# Weir Pumps Takeover.



## HENNEGANOL

Quote from the Daily Mail, Saturday February 17th, 2007

_"Four hundred jobs are on the block in Glasgow as a result of the proposed £48m sale of Weir Group's pumps division to foreign raider, Sulzer of Switzerland.

The redundancies will account for two thirds of the 596-strong workforce at the unit's base in Cathcart, Glasgow, where it has been producing industrial pumps for the oil, gas and power markets since 1896."_

Another company with a long association with the shipping industry, who's name will no doubt be just a memory in due course. At a guess I would say that just about every steam ship built in a UK shipyard had equipment of some sort manufactured by Weirs.

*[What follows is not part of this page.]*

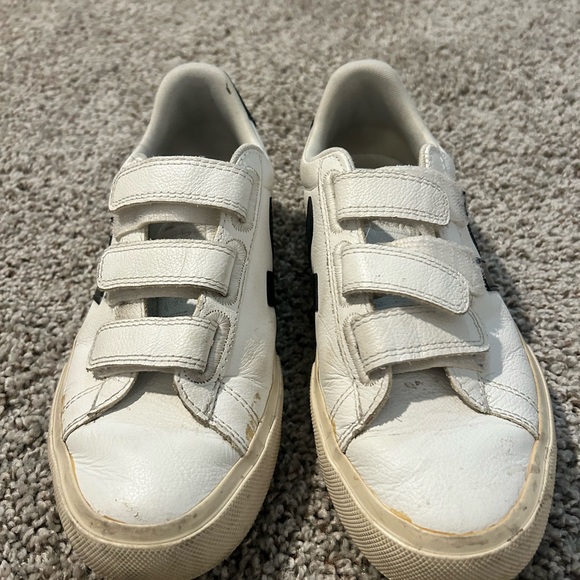 VEJA - Picture 2 of 8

How many of us engineers have cussed the Weir Simplex feed pump or boiler oil pump. When they worked, they worked well, but when they started to wear they would become a pain and no amount of lapping or shimming could prevent them from stopping.


----------



## jazz606

It's not just the jobs. It is the loss expertise and opportunity. We can't have the whole country stacking shelves. 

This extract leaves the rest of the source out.